**PROBLEM REQUIREMENTS:**
The line containing "Chest of drawers" and every line after it, through the end of the records below, are to be reproduced exactly, with the pictures left out.

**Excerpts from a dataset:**
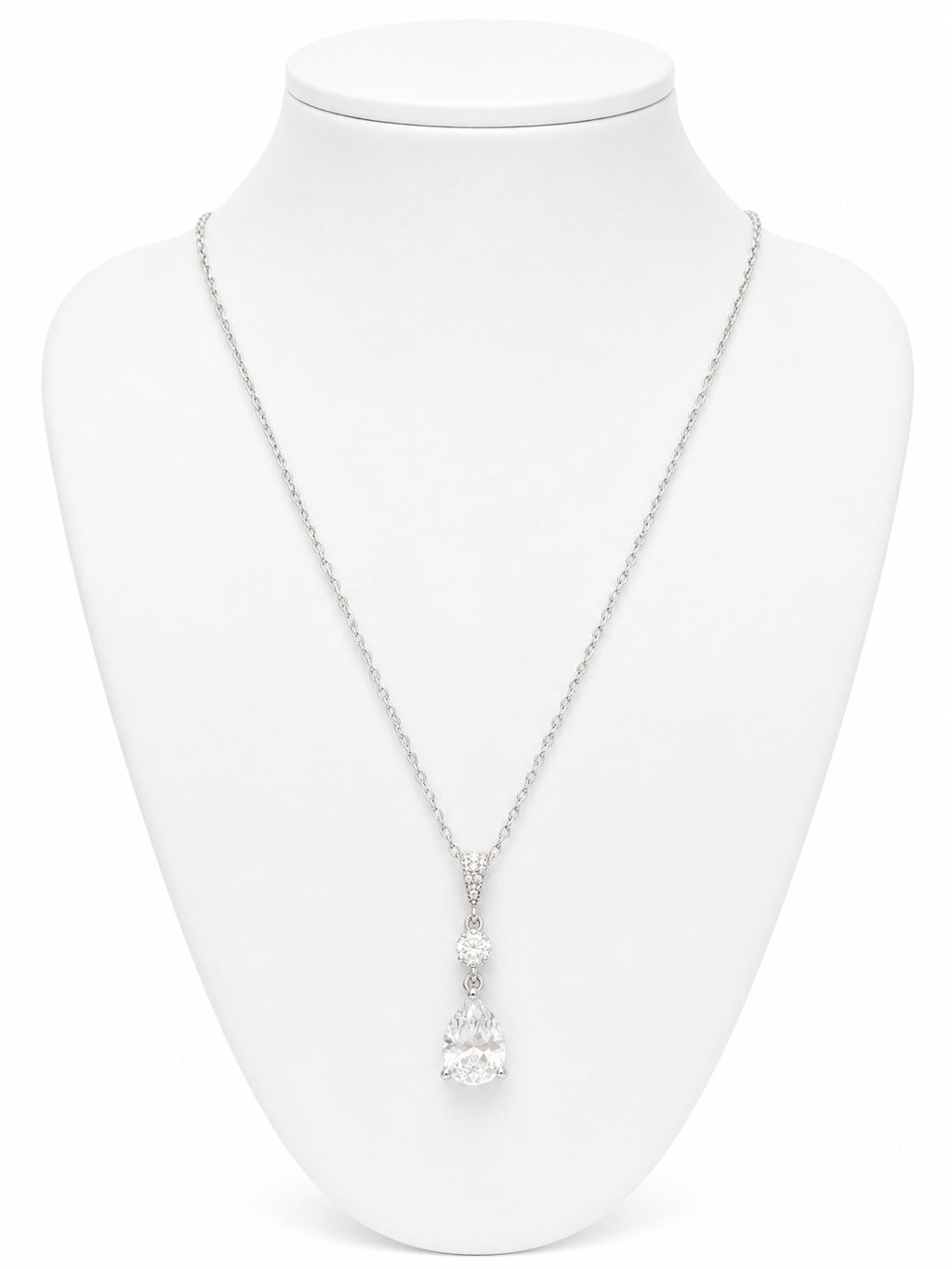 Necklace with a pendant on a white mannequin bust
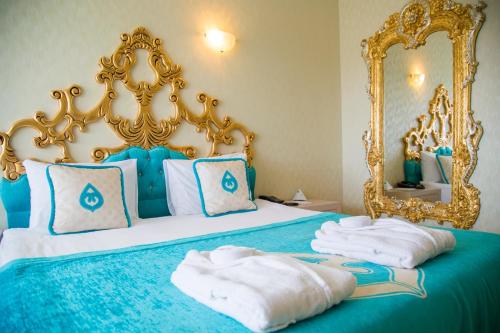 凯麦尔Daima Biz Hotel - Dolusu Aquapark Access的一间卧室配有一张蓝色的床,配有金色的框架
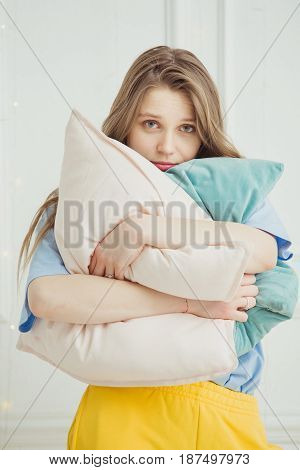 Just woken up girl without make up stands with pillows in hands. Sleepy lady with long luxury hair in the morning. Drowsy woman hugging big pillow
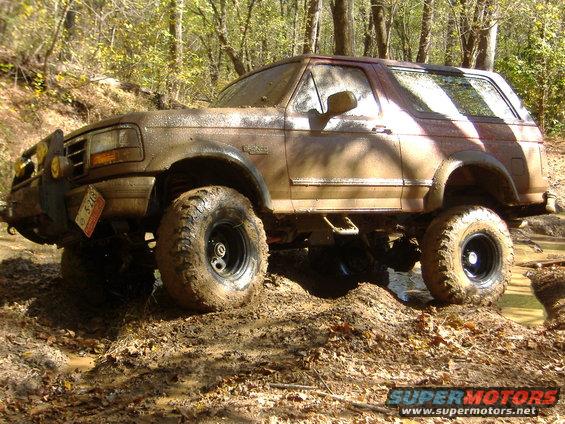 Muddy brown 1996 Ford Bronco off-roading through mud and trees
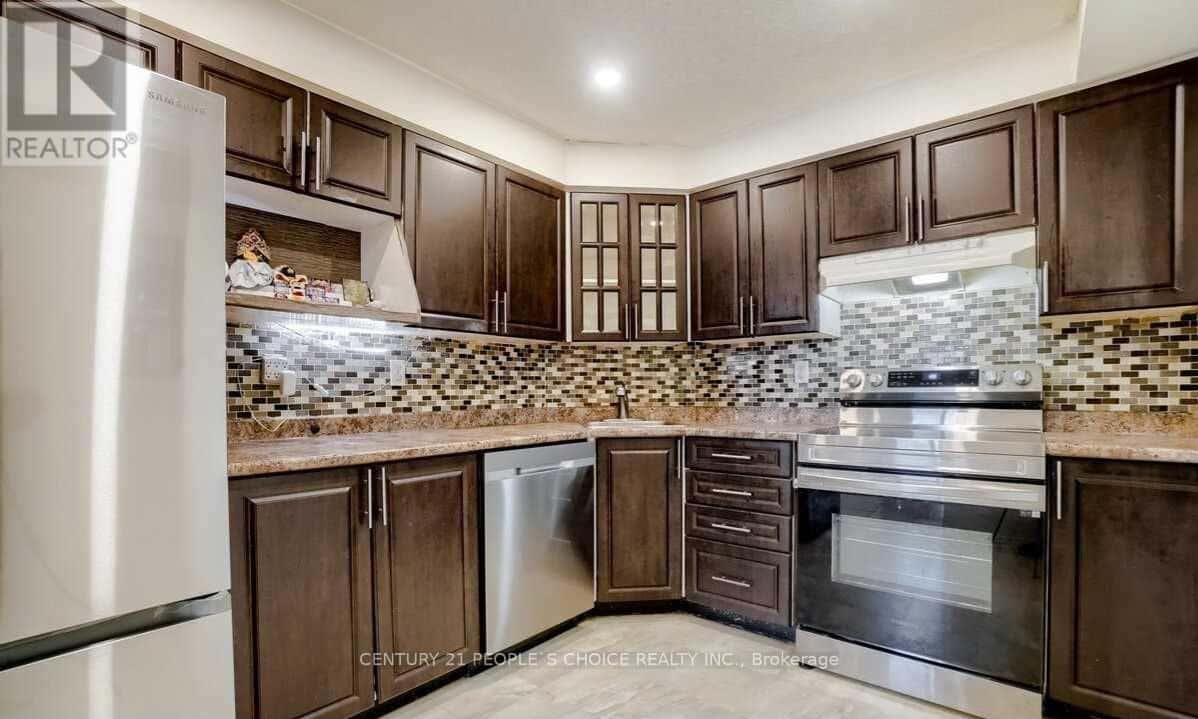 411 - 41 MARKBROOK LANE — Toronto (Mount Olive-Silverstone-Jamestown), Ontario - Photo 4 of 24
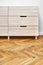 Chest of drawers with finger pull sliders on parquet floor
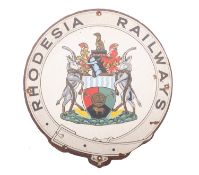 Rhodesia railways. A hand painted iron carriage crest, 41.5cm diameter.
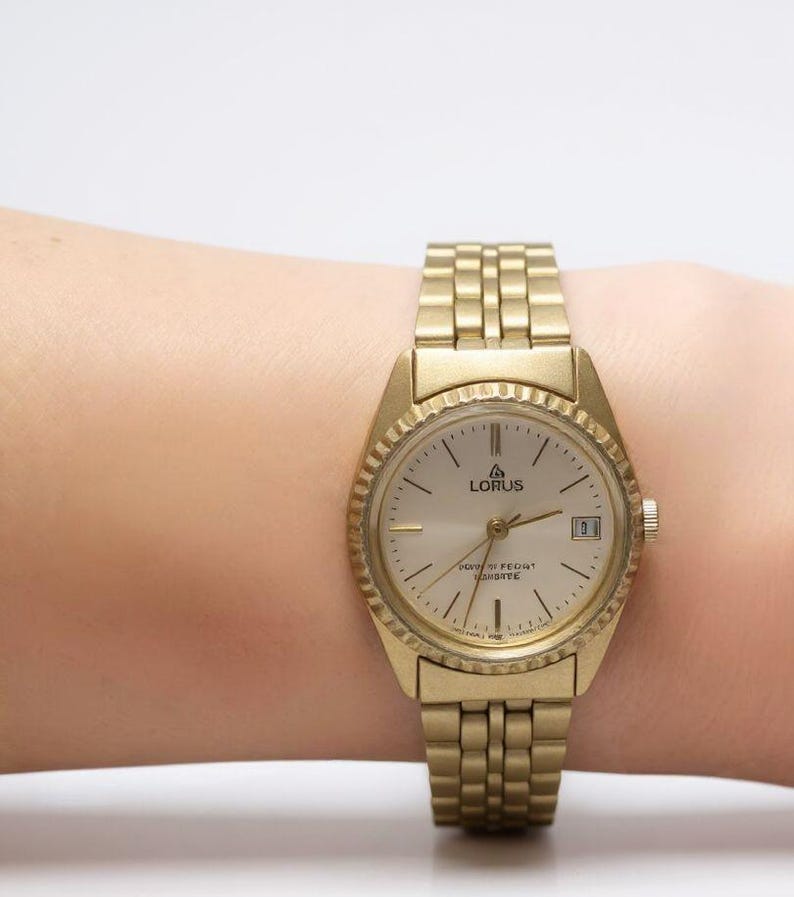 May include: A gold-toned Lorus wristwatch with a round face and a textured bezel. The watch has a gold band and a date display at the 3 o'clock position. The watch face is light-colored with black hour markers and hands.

**WRITTEN RESPONSE:**
 Chest of drawers with finger pull sliders on parquet floor
 Rhodesia railways. A hand painted iron carriage crest, 41.5cm diameter.
 May include: A gold-toned Lorus wristwatch with a round face and a textured bezel. The watch has a gold band and a date display at the 3 o'clock position. The watch face is light-colored with black hour markers and hands.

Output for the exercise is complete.